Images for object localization
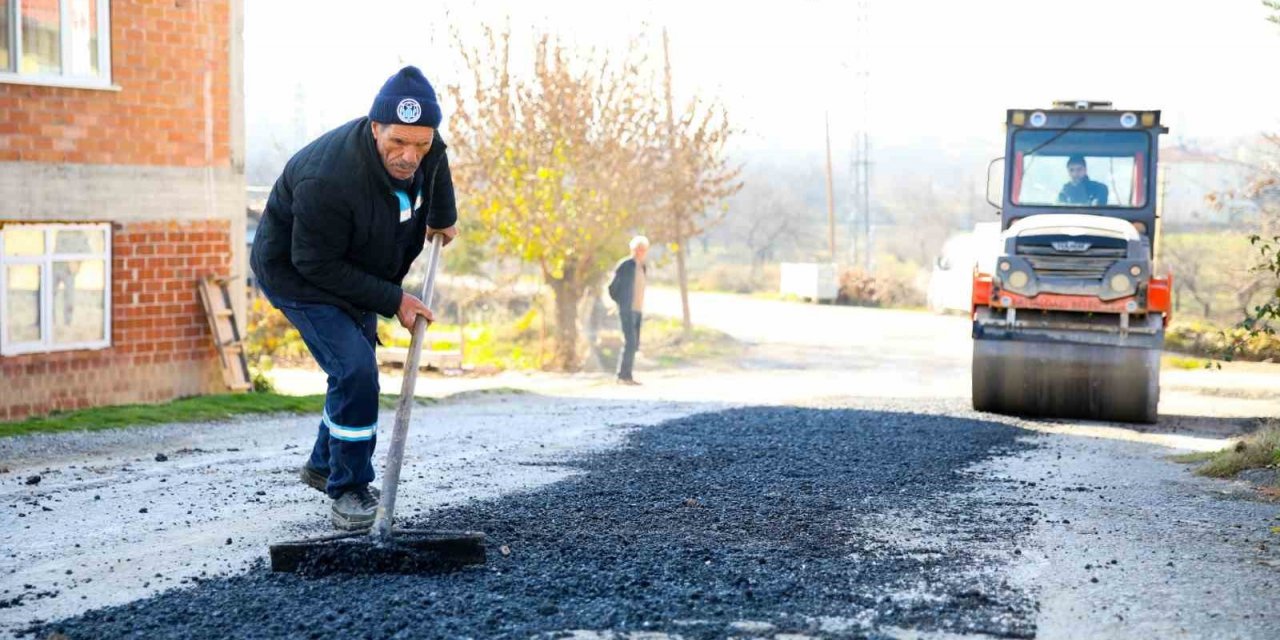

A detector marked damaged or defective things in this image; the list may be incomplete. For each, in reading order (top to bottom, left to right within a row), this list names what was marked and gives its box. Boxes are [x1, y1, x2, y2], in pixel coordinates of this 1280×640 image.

fresh black asphalt patch [30, 407, 1039, 637]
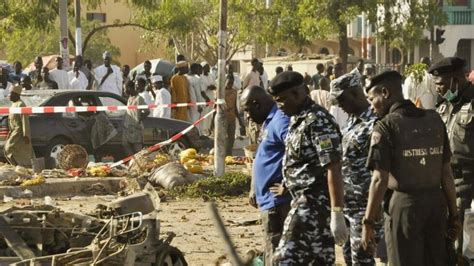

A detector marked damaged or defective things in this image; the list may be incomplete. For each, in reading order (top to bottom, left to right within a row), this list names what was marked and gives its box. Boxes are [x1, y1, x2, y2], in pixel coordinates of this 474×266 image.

damaged vehicle [0, 186, 186, 264]
burned wreckage [0, 186, 187, 264]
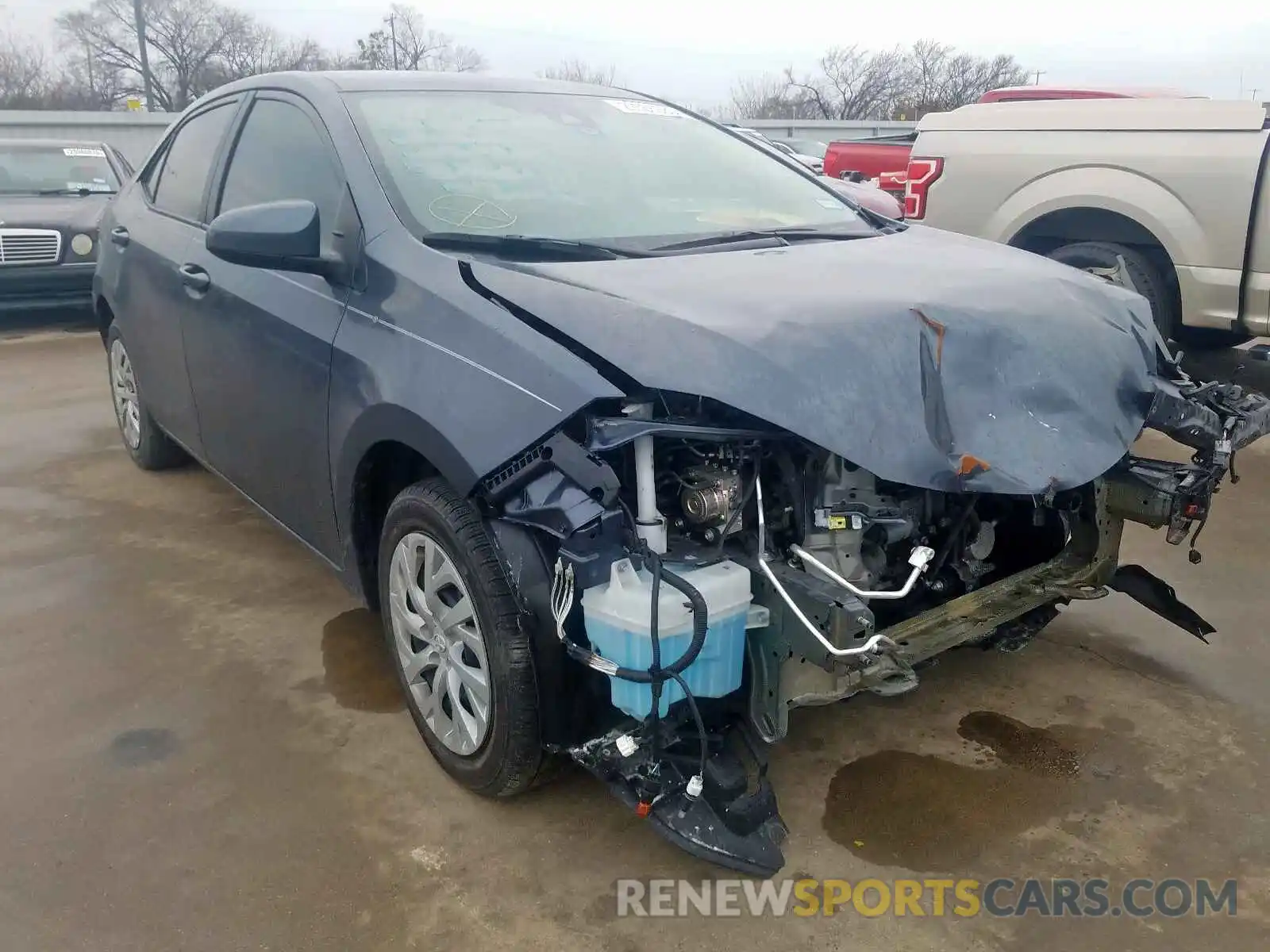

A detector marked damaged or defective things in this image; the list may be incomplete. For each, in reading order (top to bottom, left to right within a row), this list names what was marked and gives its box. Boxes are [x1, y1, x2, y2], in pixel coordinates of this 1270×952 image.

crumpled hood [0, 193, 113, 232]
damaged gray sedan [96, 71, 1270, 883]
crumpled hood [470, 223, 1168, 492]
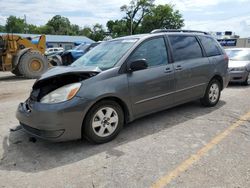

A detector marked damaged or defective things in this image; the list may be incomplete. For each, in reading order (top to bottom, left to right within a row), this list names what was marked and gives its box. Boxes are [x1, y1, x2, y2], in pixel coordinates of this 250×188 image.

crumpled hood [36, 65, 102, 81]
broken headlight [40, 82, 81, 103]
damaged front bumper [16, 96, 92, 142]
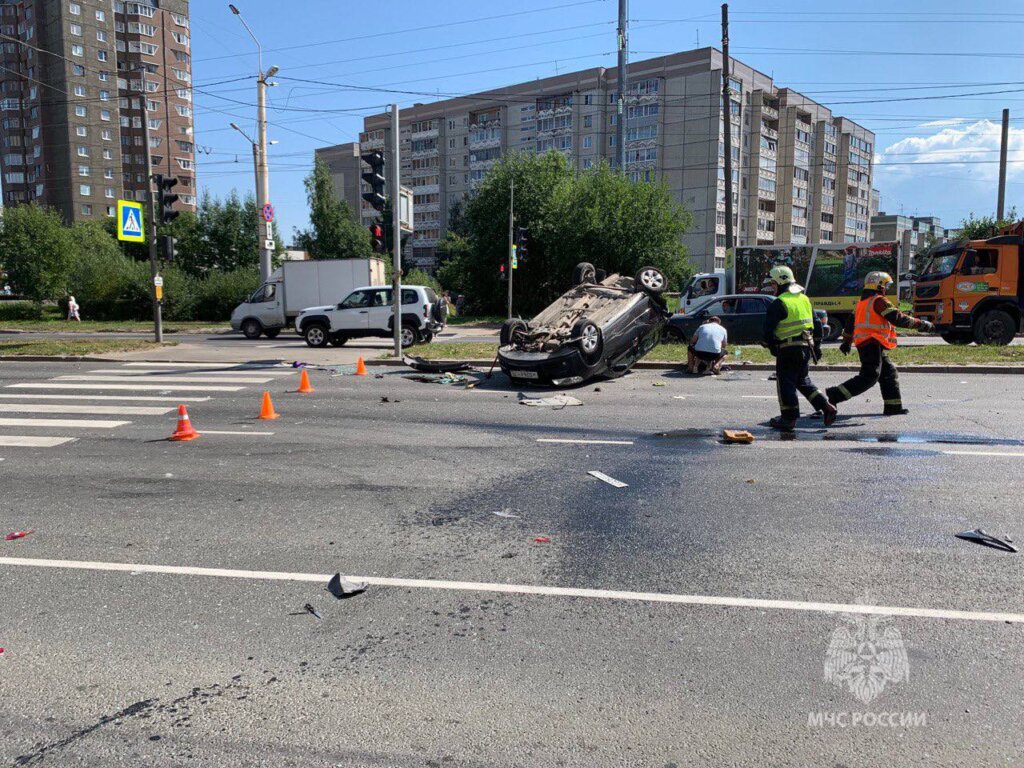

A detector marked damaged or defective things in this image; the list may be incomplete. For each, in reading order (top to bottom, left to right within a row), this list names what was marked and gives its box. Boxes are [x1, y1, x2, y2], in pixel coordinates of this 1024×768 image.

overturned car [497, 264, 671, 387]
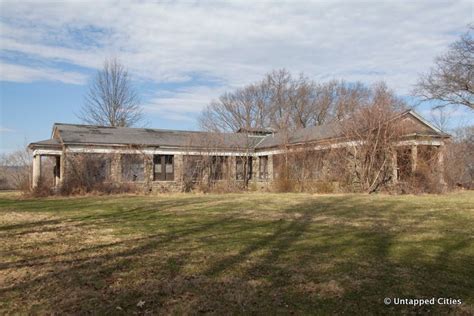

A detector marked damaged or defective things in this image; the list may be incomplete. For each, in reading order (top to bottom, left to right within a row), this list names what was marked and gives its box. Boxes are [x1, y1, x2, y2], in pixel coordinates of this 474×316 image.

broken window [121, 154, 143, 181]
broken window [154, 155, 174, 180]
broken window [236, 156, 252, 180]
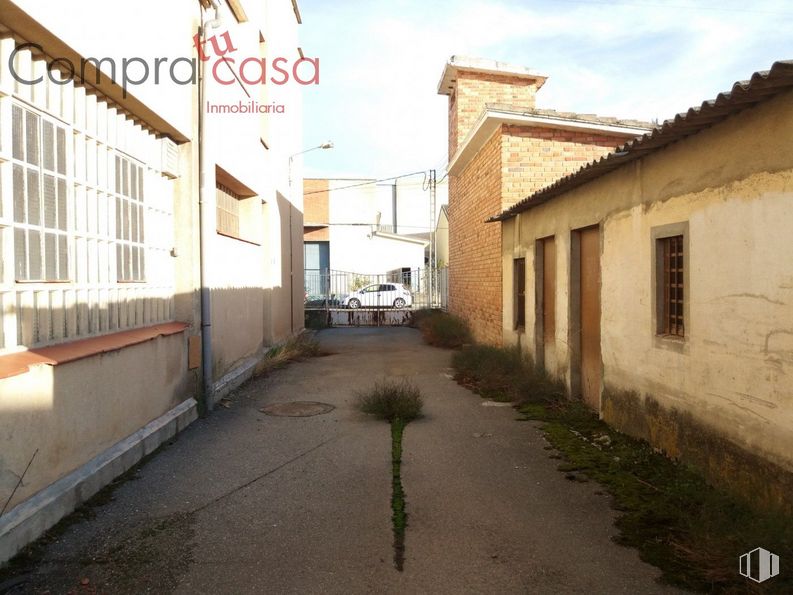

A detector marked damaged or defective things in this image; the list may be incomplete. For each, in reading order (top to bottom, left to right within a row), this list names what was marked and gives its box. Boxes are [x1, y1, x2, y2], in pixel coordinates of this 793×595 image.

cracked asphalt [3, 328, 676, 592]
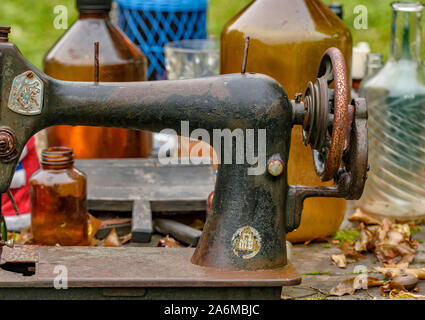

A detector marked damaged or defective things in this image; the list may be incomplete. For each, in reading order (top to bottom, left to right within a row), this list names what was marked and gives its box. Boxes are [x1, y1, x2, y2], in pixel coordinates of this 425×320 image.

rusty bolt [266, 156, 284, 176]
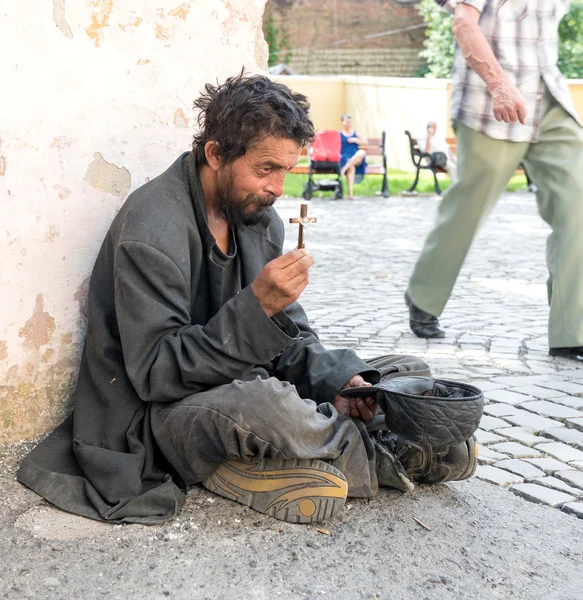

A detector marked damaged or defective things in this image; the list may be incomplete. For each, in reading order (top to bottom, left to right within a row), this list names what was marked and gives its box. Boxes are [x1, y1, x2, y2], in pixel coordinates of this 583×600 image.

peeling paint on wall [52, 0, 74, 39]
peeling paint on wall [85, 0, 114, 47]
peeling paint on wall [173, 109, 189, 129]
peeling paint on wall [84, 152, 131, 197]
peeling paint on wall [18, 296, 56, 352]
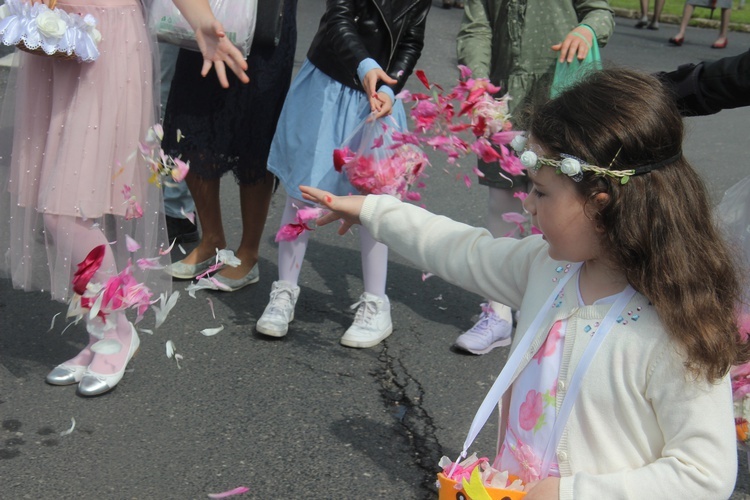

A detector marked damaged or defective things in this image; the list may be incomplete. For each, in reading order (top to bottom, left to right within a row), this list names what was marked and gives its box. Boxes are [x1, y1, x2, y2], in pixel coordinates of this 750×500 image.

What is expected
Your copy should hold exactly the lines from the one with "this 425×320 image." through the end of the records, both included, and no pictures.

Solution to this exercise
A detector marked damaged or defective things in this image; the list may be incomplete. For each, in reading order (top to bottom, left to right within a row), this list names what was marked and gives its box. Boxes are [x1, y1, x2, y2], in pixel coordinates of this 425×320 image.

rusty bolt [266, 156, 284, 176]

A detector marked damaged or defective things in this image; the list may be incomplete. For each, in reading order (top to bottom, left to right within a row), this list names what was marked and gives its box. Boxes are [x1, y1, x2, y2], in pixel coordinates of this 583×600 image.

peeling paint on wall [52, 0, 74, 39]
peeling paint on wall [85, 0, 114, 47]
peeling paint on wall [173, 109, 189, 129]
peeling paint on wall [84, 152, 131, 197]
peeling paint on wall [18, 296, 56, 352]

A detector marked damaged or defective things in this image; the list may be incomplete. For each, in reading order (top to bottom, left to right within a row), this list names what was marked and gives its box. Boxes are [x1, y1, x2, y2], in pixel coordinates of this 750×500 image.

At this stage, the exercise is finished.